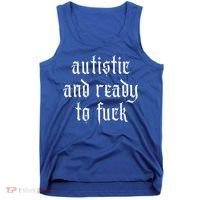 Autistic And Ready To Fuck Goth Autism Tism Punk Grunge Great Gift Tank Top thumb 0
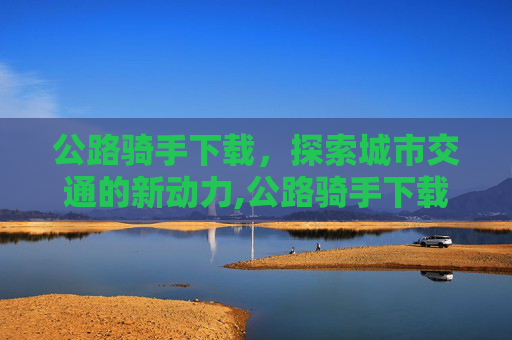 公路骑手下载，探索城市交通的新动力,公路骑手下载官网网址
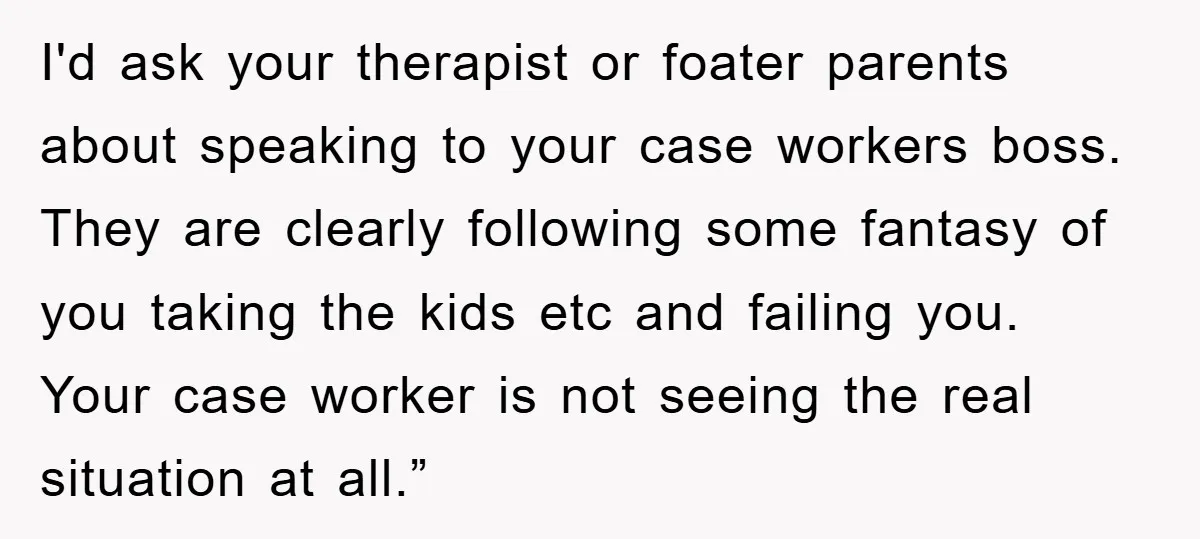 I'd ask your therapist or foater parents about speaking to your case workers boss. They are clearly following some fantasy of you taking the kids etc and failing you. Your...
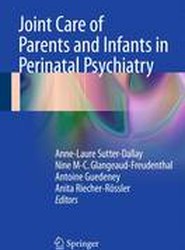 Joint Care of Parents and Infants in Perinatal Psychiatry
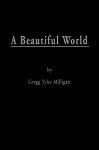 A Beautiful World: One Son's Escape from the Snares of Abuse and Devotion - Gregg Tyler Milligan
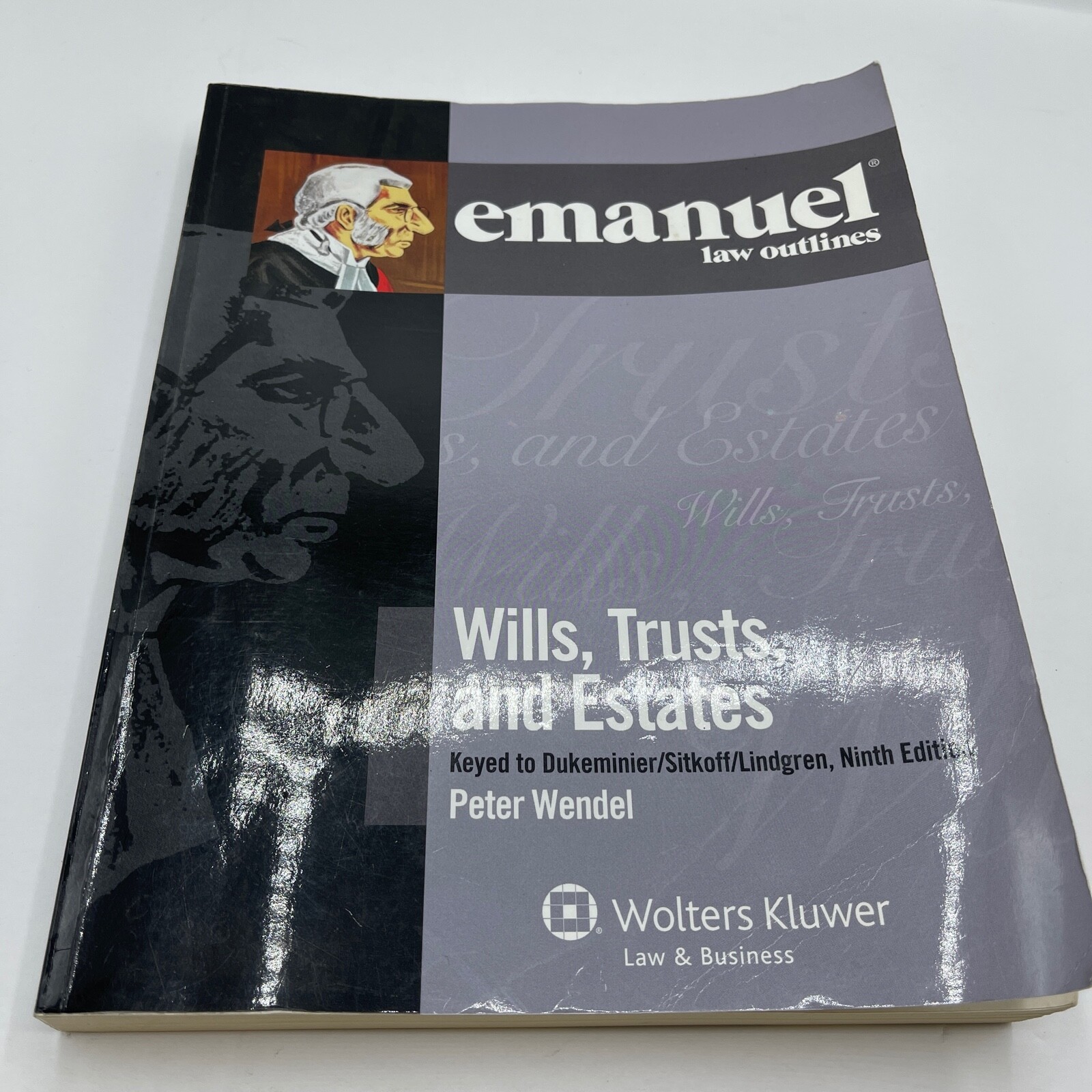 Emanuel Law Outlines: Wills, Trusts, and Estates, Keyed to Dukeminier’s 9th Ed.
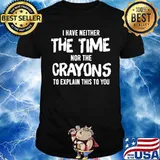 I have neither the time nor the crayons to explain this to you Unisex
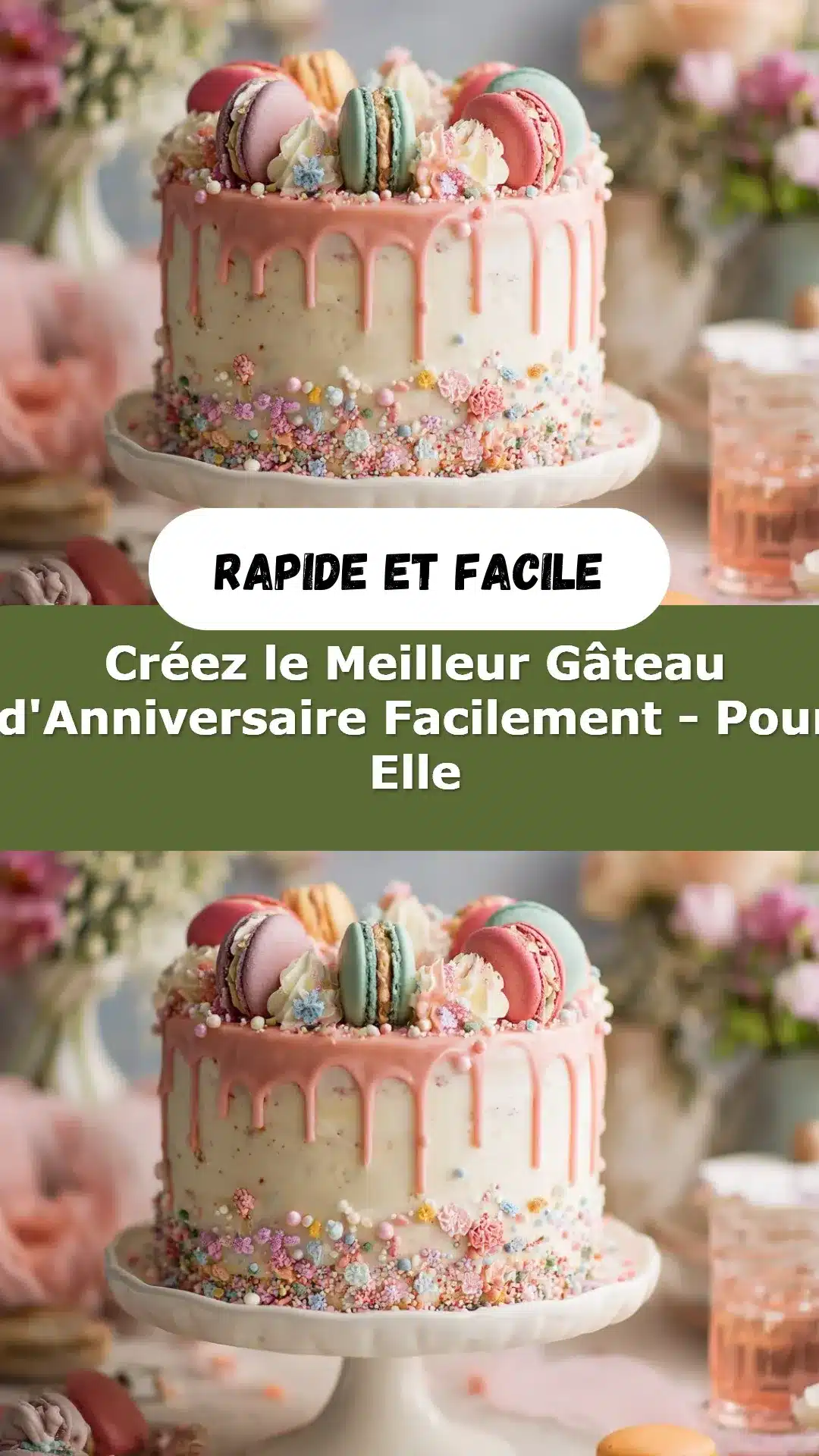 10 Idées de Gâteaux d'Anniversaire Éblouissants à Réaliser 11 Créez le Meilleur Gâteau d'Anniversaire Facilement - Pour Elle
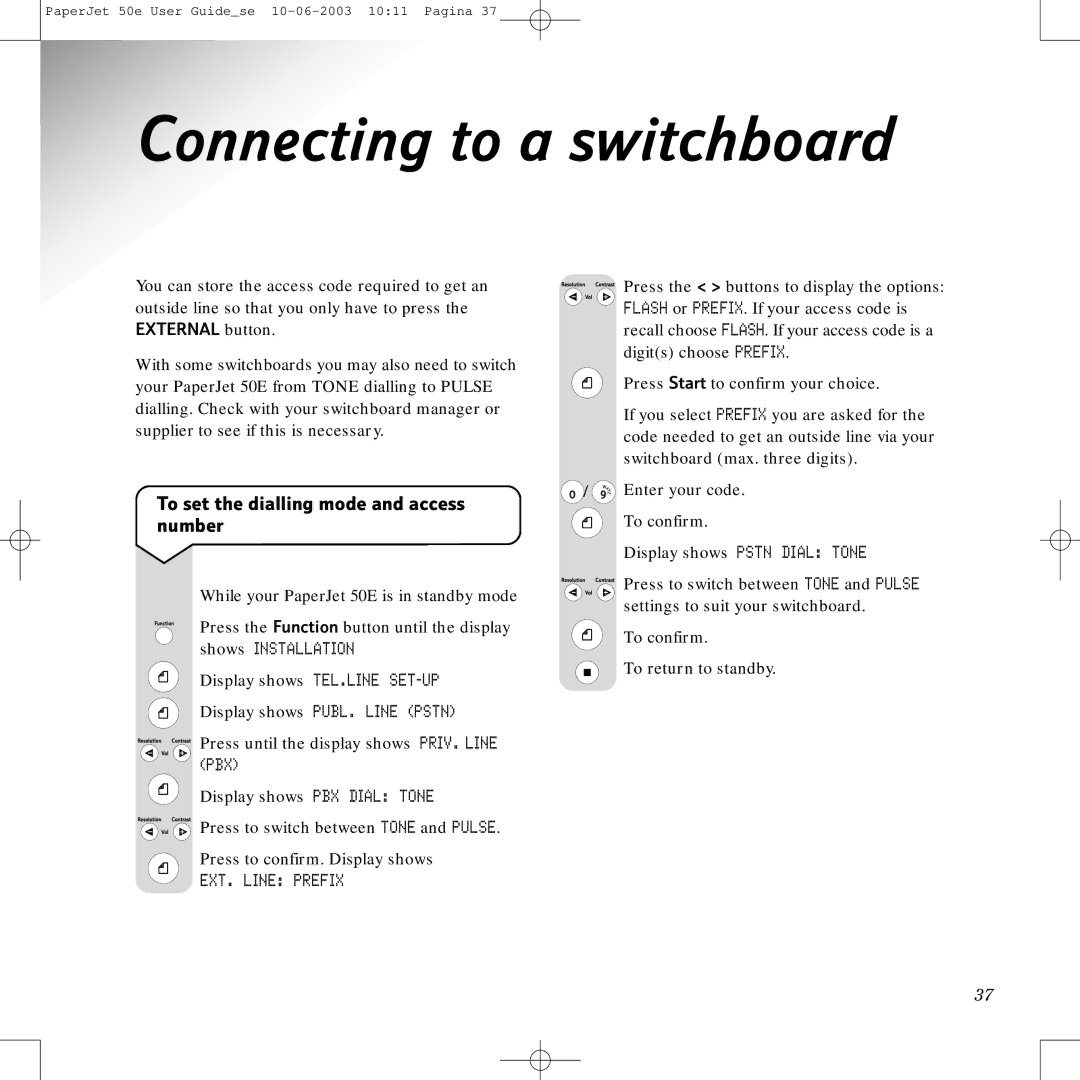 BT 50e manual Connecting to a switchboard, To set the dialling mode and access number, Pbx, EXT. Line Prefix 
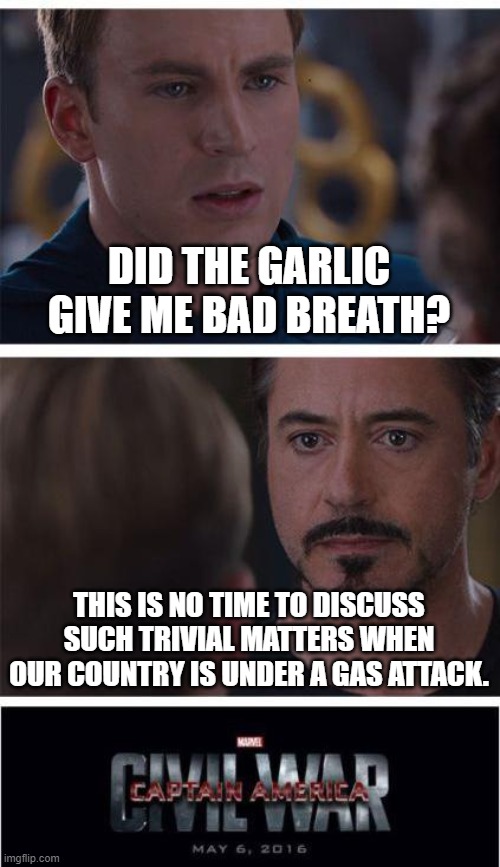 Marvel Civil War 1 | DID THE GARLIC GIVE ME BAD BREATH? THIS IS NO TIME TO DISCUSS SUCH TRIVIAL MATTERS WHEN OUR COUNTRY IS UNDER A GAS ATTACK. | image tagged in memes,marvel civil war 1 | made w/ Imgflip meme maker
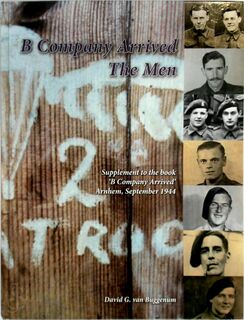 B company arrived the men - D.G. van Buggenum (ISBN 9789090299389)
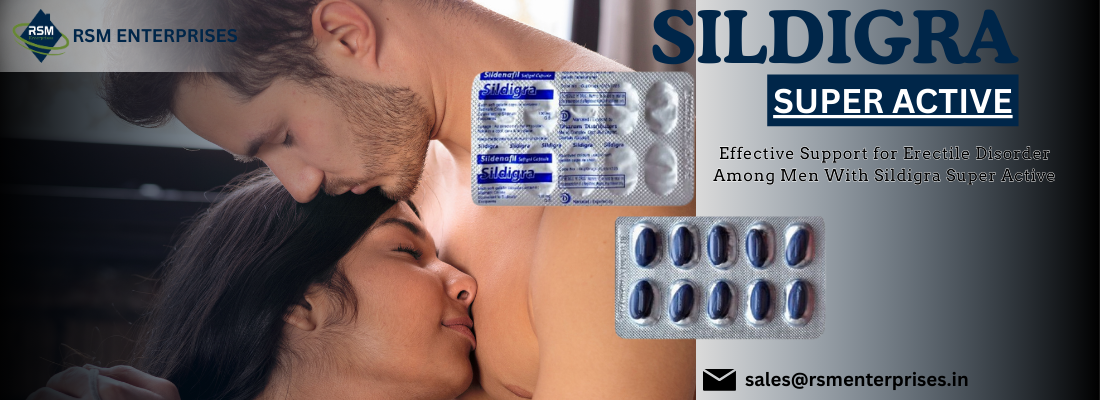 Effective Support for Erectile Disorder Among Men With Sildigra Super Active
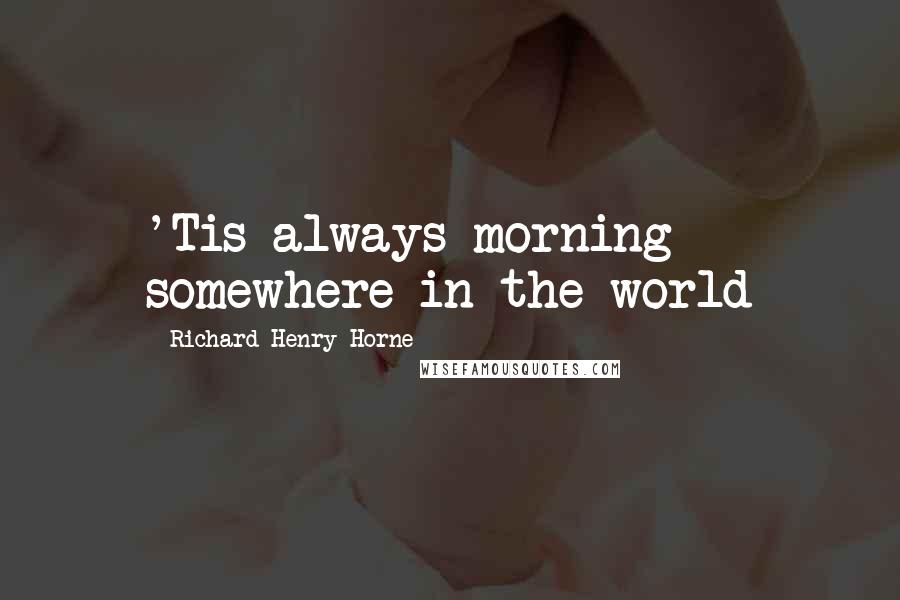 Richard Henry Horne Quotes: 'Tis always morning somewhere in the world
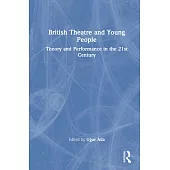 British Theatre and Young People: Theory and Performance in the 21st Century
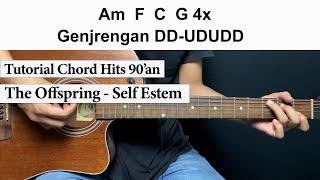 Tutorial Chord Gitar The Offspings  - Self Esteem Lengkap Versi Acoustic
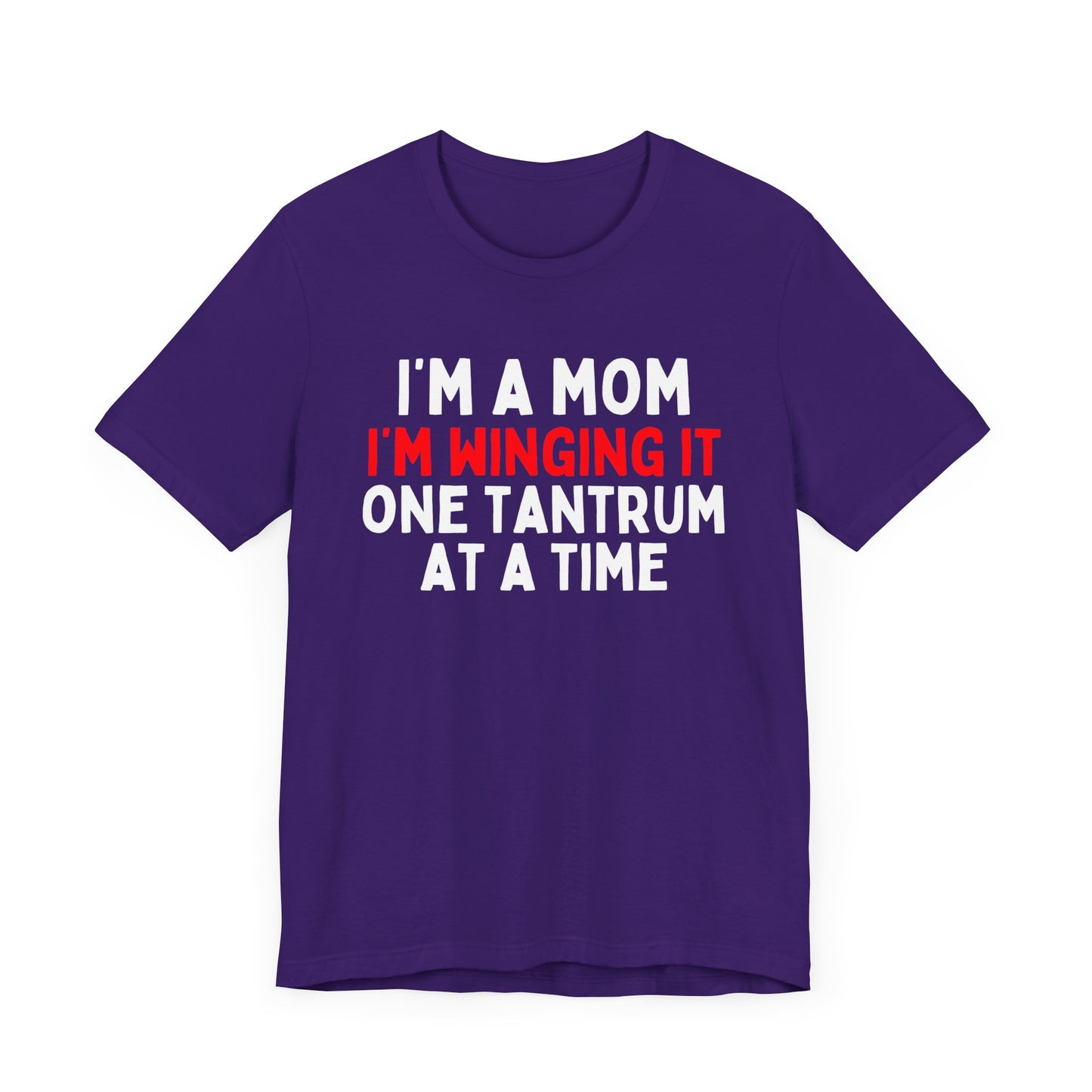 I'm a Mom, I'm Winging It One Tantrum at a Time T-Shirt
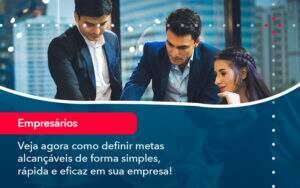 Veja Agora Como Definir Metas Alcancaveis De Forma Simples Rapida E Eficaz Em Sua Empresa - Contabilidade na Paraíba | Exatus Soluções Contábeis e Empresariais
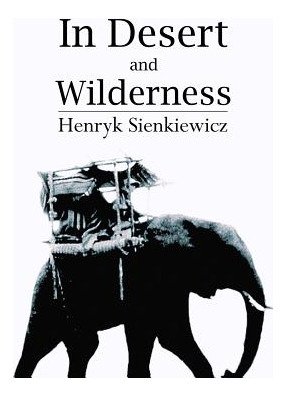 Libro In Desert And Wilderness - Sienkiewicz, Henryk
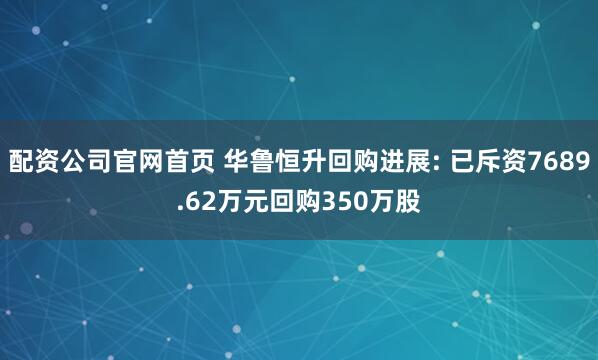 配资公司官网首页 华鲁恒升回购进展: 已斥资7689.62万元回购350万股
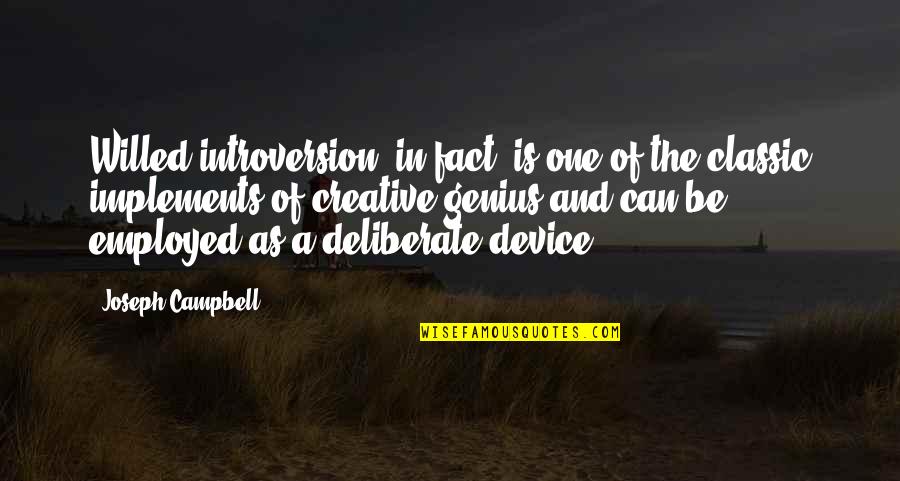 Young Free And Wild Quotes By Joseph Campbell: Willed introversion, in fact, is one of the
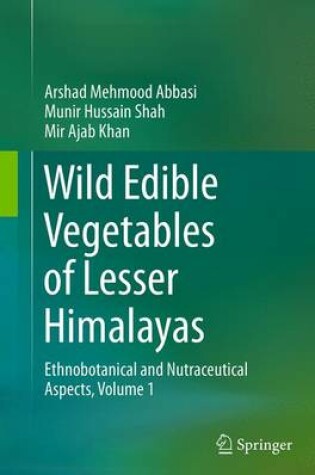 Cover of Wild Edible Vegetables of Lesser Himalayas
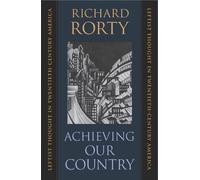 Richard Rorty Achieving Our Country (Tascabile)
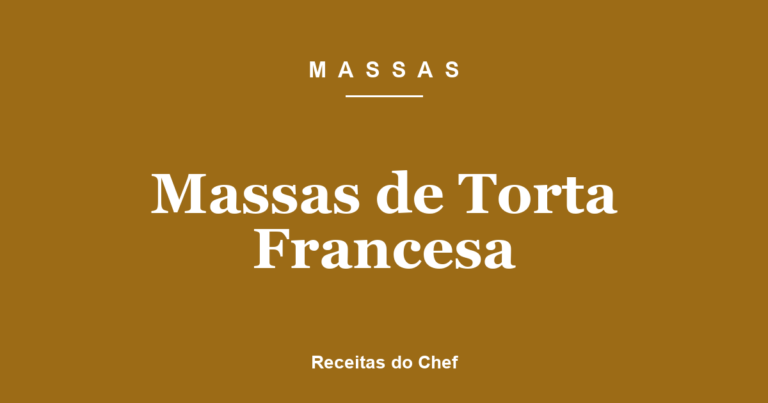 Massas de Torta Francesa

Exercise: Would you copy the lines above exactly, starting with the one that has "British Theatre and" and ending with the one that has "I'm a Mom, I'm", both included, without the pictures?

Exercise response:
 British Theatre and Young People: Theory and Performance in the 21st Century
 Tutorial Chord Gitar The Offspings  - Self Esteem Lengkap Versi Acoustic
 I'm a Mom, I'm Winging It One Tantrum at a Time T-Shirt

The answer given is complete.